Record excerpts:
=-=-=

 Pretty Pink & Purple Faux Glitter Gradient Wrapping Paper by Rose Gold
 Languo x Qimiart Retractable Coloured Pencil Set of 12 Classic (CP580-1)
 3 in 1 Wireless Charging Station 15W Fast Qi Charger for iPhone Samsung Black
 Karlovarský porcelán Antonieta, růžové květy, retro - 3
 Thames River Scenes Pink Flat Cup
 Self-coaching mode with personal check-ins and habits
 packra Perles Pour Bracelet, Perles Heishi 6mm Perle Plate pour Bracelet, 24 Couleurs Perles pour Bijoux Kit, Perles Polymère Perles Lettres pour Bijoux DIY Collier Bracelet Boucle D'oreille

=-=-=

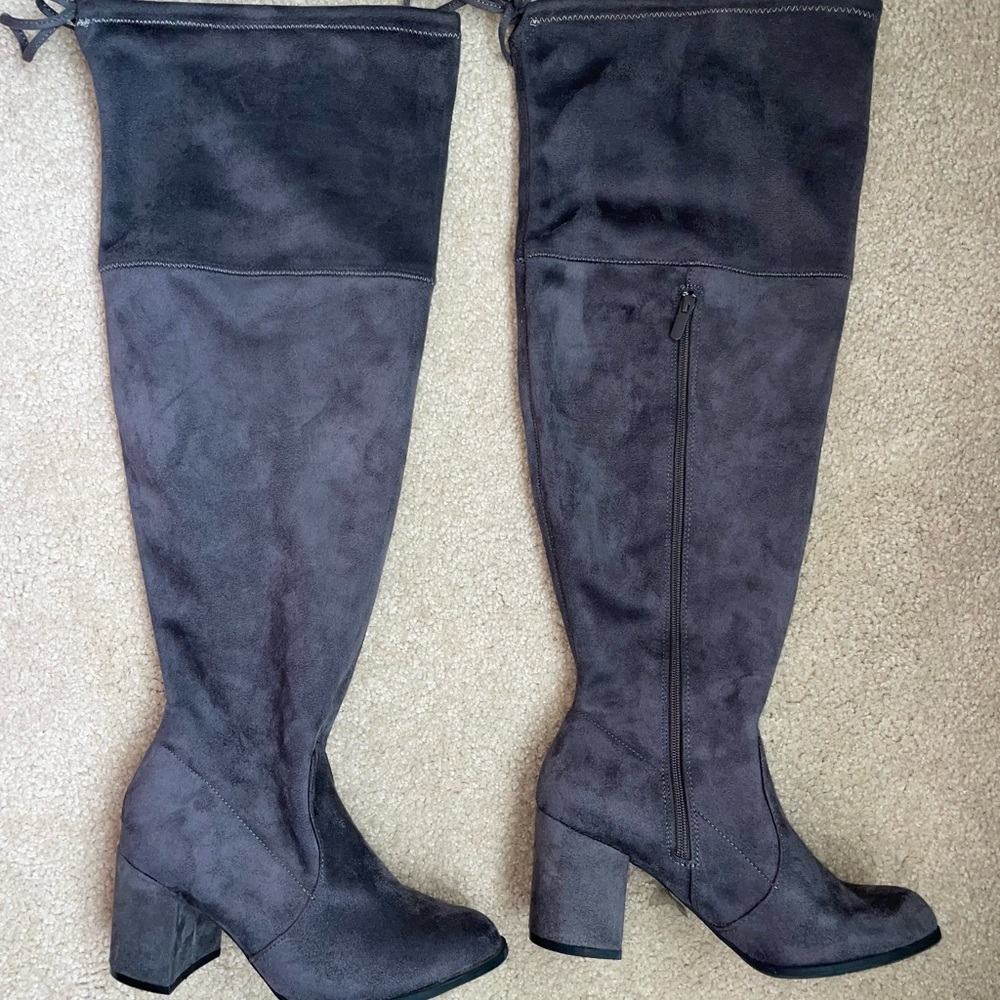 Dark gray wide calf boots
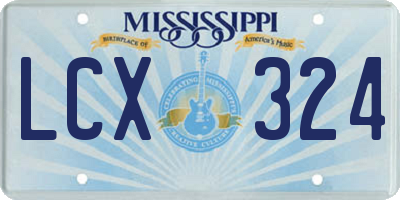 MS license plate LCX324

=-=-=

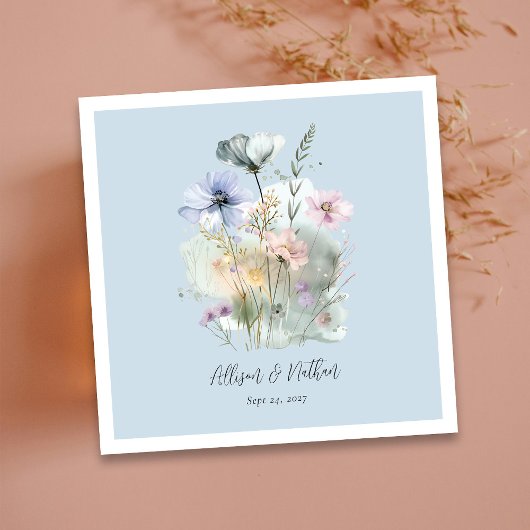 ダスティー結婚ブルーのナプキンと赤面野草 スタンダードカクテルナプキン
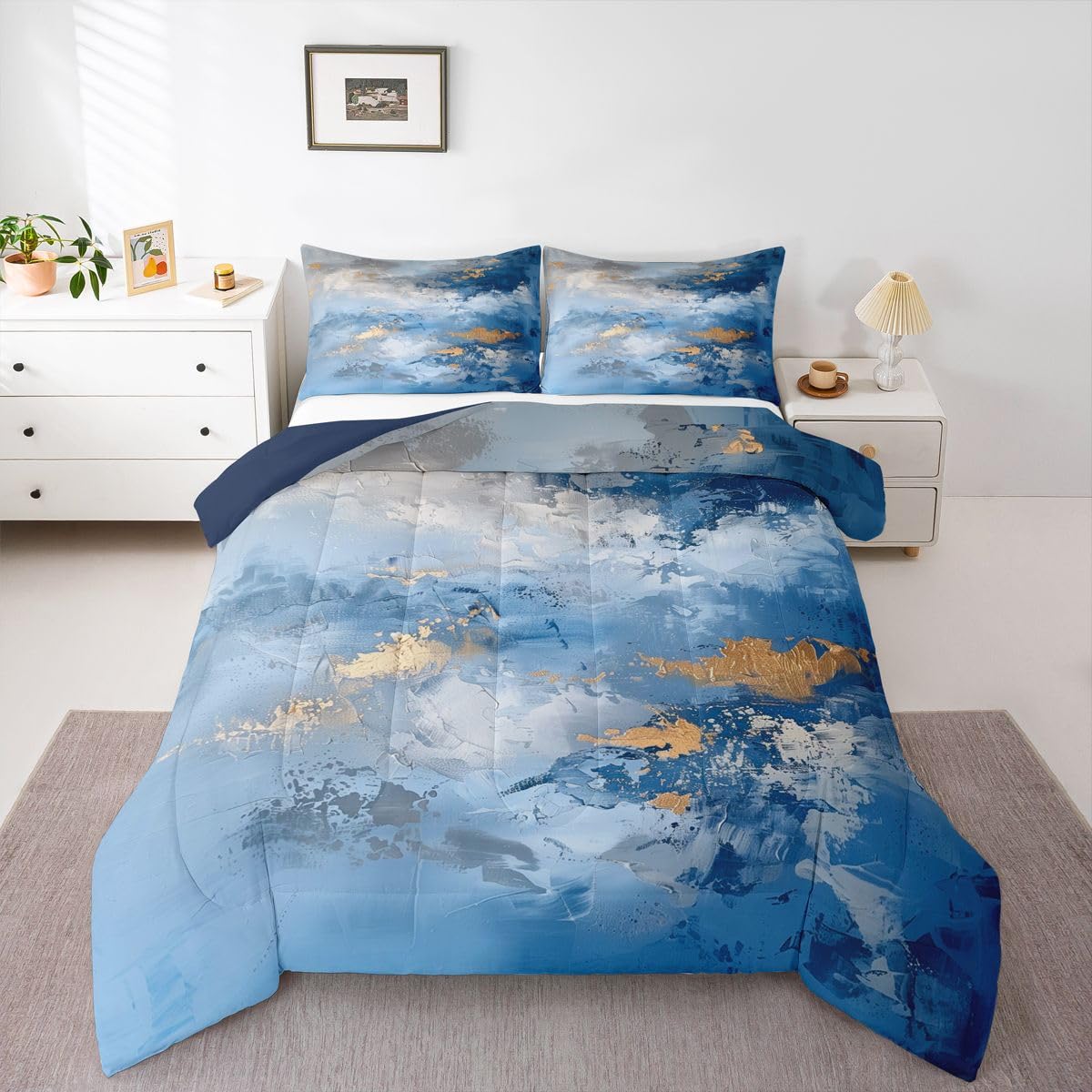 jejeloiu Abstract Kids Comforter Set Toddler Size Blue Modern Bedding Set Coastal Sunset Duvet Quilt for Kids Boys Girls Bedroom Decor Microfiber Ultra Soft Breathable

=-=-=

Work required: Look through the entries and find each line that has the string "Pink". Copy those lines.

Result:
 Pretty Pink & Purple Faux Glitter Gradient Wrapping Paper by Rose Gold
 Thames River Scenes Pink Flat Cup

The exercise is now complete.